Selon la jurisprudence, l'arbitraire, prohibé par l'art. 9 Cst., ne résulte pas du seul fait qu'une autre solution pourrait entrer en considération ou même qu'elle serait préférable; le Tribunal fédéral ne s'écarte de la solution retenue par l'instance précédente que si elle est manifestement insoutenable, méconnaît gravement une norme ou un principe juridique clair et indiscuté ou si elle heurte de manière choquante le sentiment de la justice ou de l'équité. Il ne suffit pas que la motivation de la décision soit insoutenable; encore faut-il qu'elle soit arbitraire dans son résultat (ATF 135 V 2 consid. 1.3 p. 4; 134 I 263 consid. 3.1 p. 265 s. et les arrêts cités). Il appartient au recourant de démontrer l'arbitraire de la décision attaquée, conformément aux exigences de motivation déduites de l'art. 106 al. 2 LTF (ATF 134 I 263 consid. 3.1 p. 265; 133 I 149 consid. 3.1 p. 153 et les références). 
 
3.2 Pour qu'une personne soit placée en détention préventive, il doit exister à son égard des charges suffisantes ou des indices sérieux de culpabilité, c'est-à-dire des raisons plausibles de la soupçonner d'avoir commis une infraction. L'intensité des charges propres à motiver un maintien en détention préventive n'est pas la même aux divers stades de l'instruction pénale; si des soupçons, même encore peu précis, peuvent être suffisants dans les premiers temps de l'enquête, la perspective d'une condamnation doit apparaître vraisemblable après l'accomplissement des actes d'instruction envisageables (ATF 116 Ia 143 consid. 3c p. 146; Gérard Piquerez, Traité de procédure pénale suisse, 2e éd., 2006, p. 540 et les références). 
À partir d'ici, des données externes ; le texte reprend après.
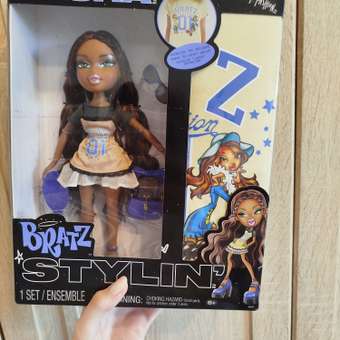 Кукла модельная Bratz Саша Stylin' с футболкой: отзыв пользователя Детский Мир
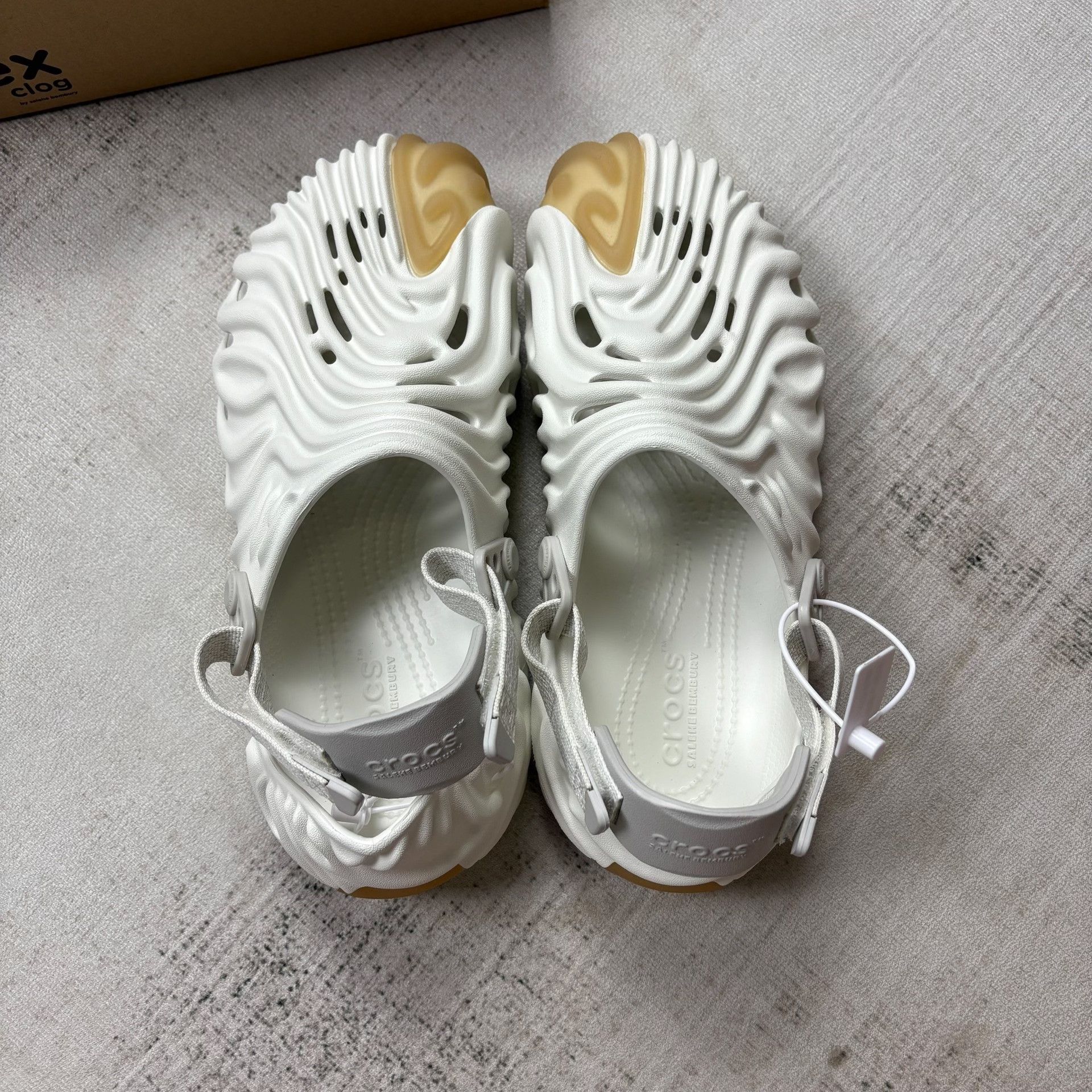 Salehe Bembury Salehe Bembury x Crocs Pollex Clog Stratus Size US 9 / EU 42 - 5 Thumbnail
Appelé à se prononcer sur la constitutionnalité d'une décision de maintien en détention, le Tribunal fédéral n'a pas à procéder à une pesée complète des éléments à charge et à décharge, ni à apprécier la crédibilité des éléments de preuve mettant en cause le condamné. Il doit uniquement examiner s'il existe des indices sérieux de culpabilité justifiant une telle mesure, c'est-à-dire des raisons plausibles de soupçonner l'accusé d'avoir commis une infraction (ATF 116 Ia 143 consid. 3c p. 146; art. 34 in initio CPP/GE). 
 
3.3 En l'espèce, le recourant soulève d'abord des constatations de fait qui ne sont pas susceptibles d'avoir une influence déterminante sur l'issue de la procédure. Il en va ainsi du fait que C.________, amie de la victime, aurait déclaré à la police avoir appris la participation du prévenu à l'agression par l'intermédiaire de B.________, alors que devant le Juge d'instruction, elle aurait précisé le tenir de D.________. Tel est également le cas du fait que la tentative de A.________ d'appeler la prénommée n'aurait duré que 5 secondes et que celle-ci l'aurait rappelé et lui aurait parlé pendant 52 secondes, selon l'analyse des rétroactifs téléphoniques. De même, le reproche du recourant quant au fait que l'ordonnance attaquée aurait dû se contenter de retenir que le nerf sciatique de la jambe de la victime avait été sectionné, sans mentionner que celle-ci avait perdu l'usage d'une jambe, est vain. Vu le raisonnement qui suit, un éventuel complément de l'état de fait litigieux ne permettrait pas de trancher différemment la question de la mise en liberté du recourant. 
 
3.4 Le recourant soutient ensuite que l'instruction n'aurait pas permis d'étayer le soupçon qu'il se soit trouvé sur place au lieu de l'agression comme le prétendent la victime et son ami D.________. Les quatre co-inculpés du recourant E.________, F.________ et G.________ auraient déclaré de façon concordante que l'intéressé ne se trouvait pas sur les lieux de l'agression. F.________ et E.________, qui se trouvaient au domicile du recourant une heure avant l'agression, auraient nié que A.________ leur aurait demandé d'agresser la victime. C.________, dont les déclarations auraient varié au cours de l'instruction, n'aurait d'ailleurs pas confirmé au Juge d'instruction avoir vu A.________ donner un coup de couteau. Il ressortirait aussi de l'analyse des rétroactifs téléphoniques que deux co-inculpés auraient appelé le recourant dans les minutes précédant l'agression sur son téléphone portable, lequel se trouvait à ce moment-là à son domicile à plus d'un kilomètre du lieu de l'agression. Enfin, les charges ne seraient pas non plus suffisamment précises et concrètes pour conclure à la vraisemblance de la culpabilité du recourant en tant que complice ou instigateur. 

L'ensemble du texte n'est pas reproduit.